---------- Data for this task

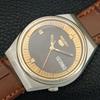 VINTAGE SEIKO 5 AUTOMATIC 6309A JAPAN MENS ORIGINAL DIAL WATCH A708466-1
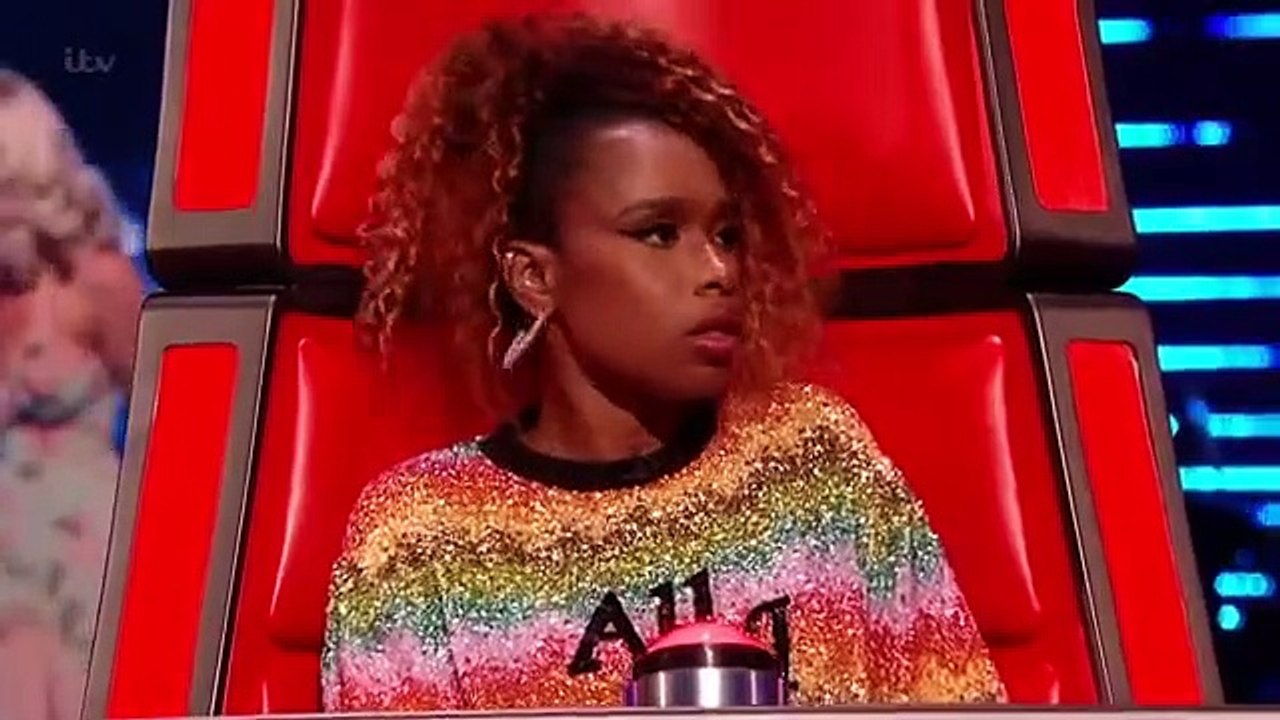 Amy Hawthorn's 'Best Of My Love' | Blind Auditions | The Voice UK 2019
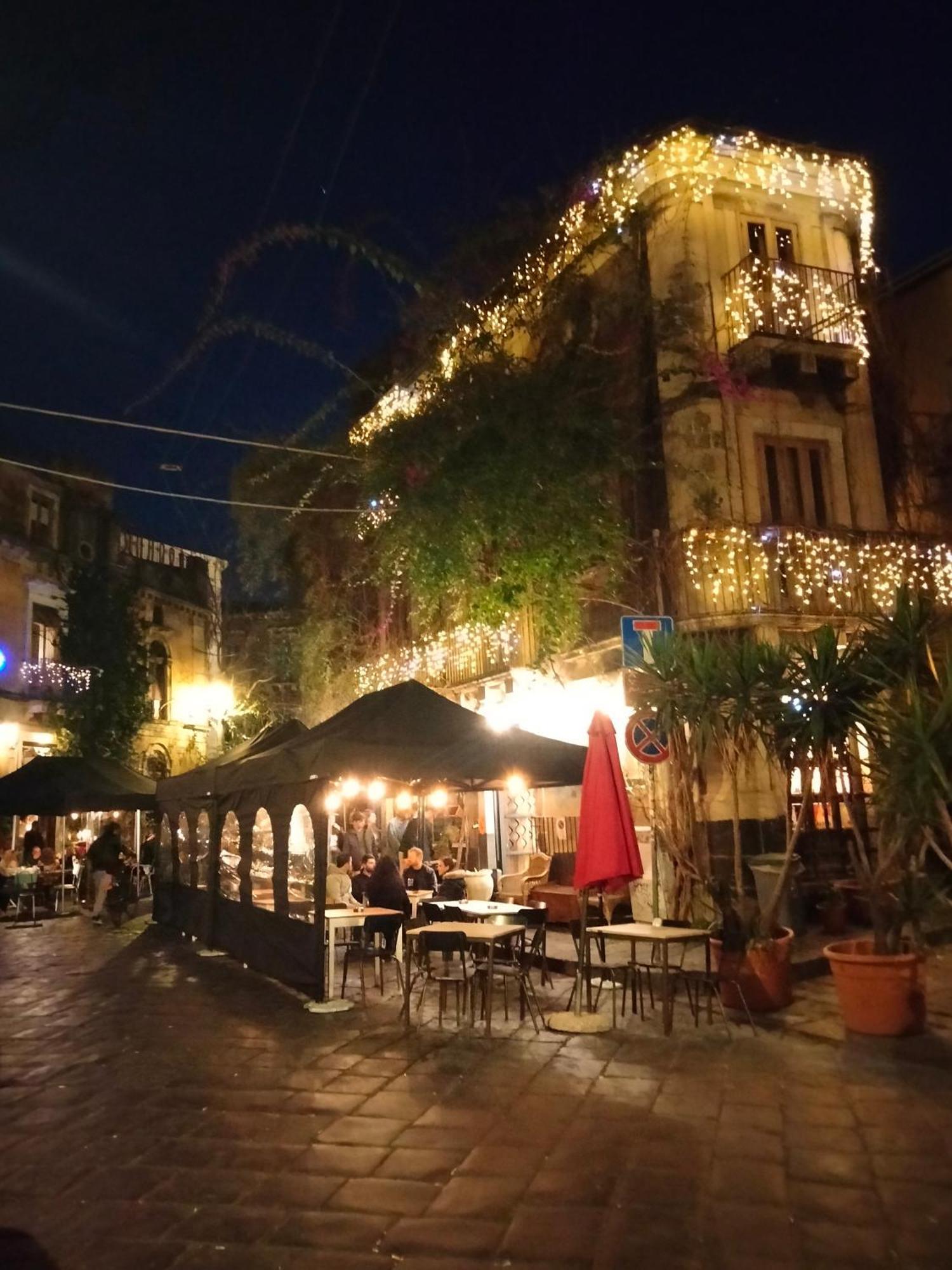 Etna Timeo Central Apartment In Baroque Building CTA Exterior foto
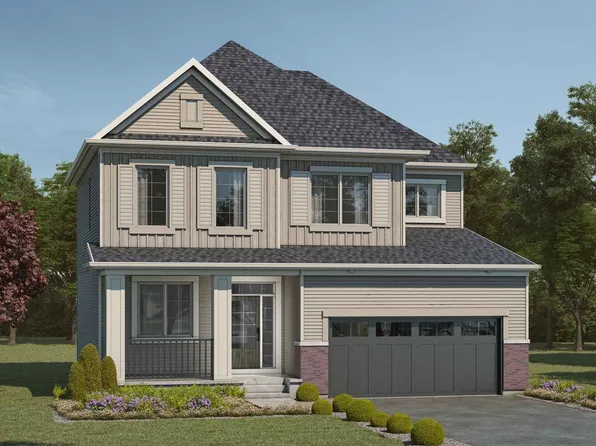 Maclaren Plan, Cityscape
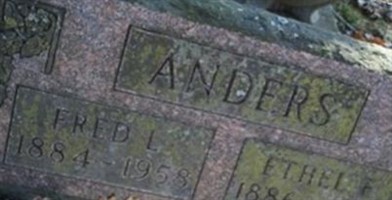 Fred L Anders Fred L Anders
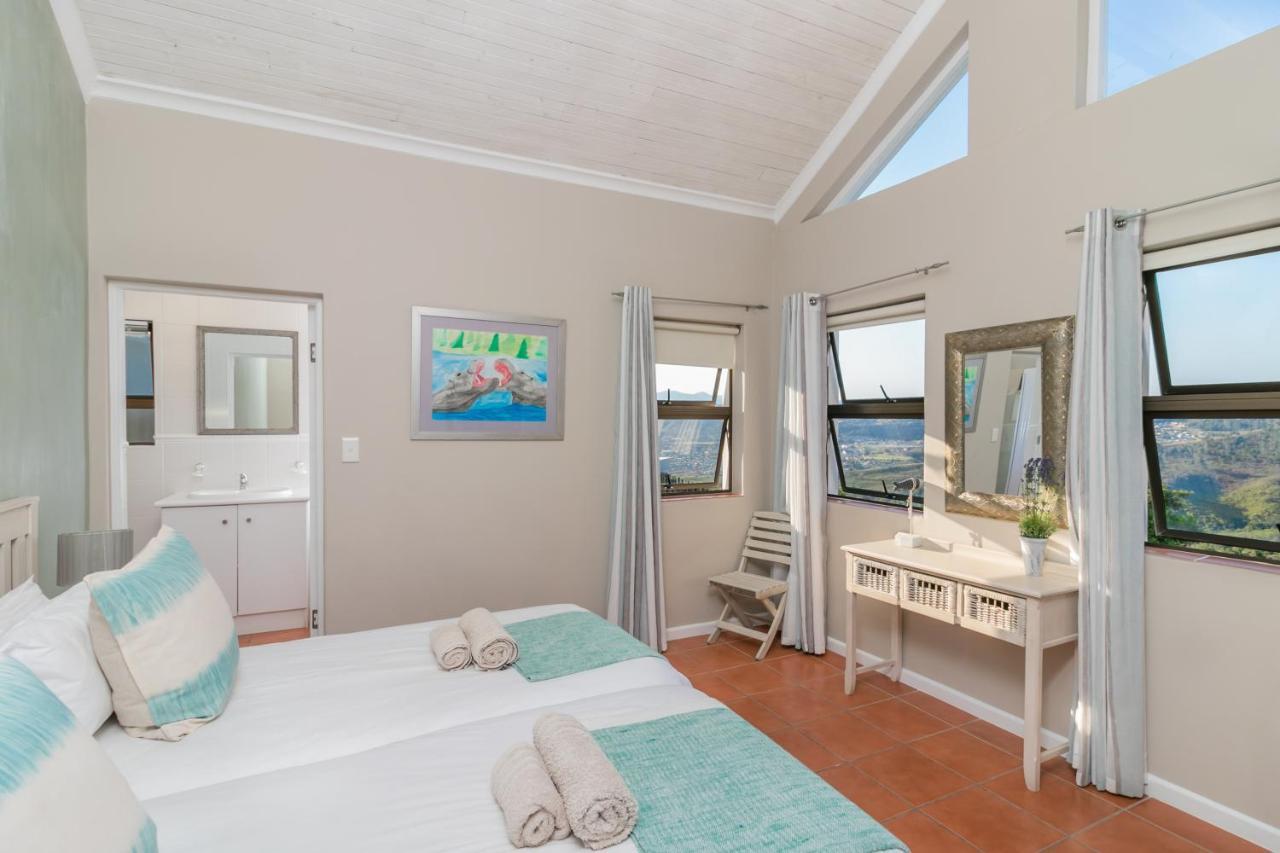 Ch12 - Pezula House Of The Rising Sun Villa Knysna Exterior photo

--------------------

**Problem to work on:**
Pictures don't belong in the copy. Retype exactly the lines from the one with "Maclaren Plan, Cityscape" through the last line of the records.

**Your solution:**
 Maclaren Plan, Cityscape
 Fred L Anders Fred L Anders
 Ch12 - Pezula House Of The Rising Sun Villa Knysna Exterior photo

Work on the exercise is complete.